Records from a data collection:
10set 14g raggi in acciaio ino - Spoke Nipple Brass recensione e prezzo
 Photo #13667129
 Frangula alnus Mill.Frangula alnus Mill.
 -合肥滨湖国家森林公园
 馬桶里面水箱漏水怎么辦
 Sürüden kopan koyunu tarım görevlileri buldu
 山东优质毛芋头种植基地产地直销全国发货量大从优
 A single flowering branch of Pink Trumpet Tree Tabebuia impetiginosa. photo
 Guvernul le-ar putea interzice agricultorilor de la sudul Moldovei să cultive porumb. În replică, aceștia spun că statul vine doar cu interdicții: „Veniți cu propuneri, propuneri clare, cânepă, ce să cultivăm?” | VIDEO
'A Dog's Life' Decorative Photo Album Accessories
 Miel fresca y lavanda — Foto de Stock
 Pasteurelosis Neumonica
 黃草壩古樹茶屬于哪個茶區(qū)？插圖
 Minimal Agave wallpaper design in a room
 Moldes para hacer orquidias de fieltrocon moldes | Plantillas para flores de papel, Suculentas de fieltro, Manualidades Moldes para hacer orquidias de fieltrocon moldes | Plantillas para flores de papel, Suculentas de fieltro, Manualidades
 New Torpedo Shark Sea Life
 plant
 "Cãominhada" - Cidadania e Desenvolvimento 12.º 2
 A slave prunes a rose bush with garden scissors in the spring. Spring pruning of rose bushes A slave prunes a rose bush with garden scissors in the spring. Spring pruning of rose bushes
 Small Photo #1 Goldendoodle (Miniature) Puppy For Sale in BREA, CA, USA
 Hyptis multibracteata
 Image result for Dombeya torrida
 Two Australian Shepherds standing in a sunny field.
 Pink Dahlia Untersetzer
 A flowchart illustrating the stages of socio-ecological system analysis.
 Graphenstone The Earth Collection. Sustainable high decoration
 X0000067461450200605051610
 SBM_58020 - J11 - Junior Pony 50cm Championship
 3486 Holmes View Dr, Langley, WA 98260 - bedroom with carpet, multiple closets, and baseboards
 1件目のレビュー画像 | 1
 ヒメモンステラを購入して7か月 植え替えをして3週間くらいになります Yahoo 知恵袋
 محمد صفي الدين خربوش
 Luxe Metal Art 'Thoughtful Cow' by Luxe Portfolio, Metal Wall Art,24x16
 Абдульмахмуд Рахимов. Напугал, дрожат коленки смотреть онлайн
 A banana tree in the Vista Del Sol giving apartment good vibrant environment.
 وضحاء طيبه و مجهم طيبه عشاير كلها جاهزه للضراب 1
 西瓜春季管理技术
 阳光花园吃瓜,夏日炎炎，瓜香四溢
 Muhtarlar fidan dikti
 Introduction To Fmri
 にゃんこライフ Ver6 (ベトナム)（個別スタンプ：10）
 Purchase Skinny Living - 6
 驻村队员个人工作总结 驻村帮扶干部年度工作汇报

Exercise details
Scan the records for the string "Pink". Copy each line in which it appears.

Solution to this problem
 A single flowering branch of Pink Trumpet Tree Tabebuia impetiginosa. photo
 Pink Dahlia Untersetzer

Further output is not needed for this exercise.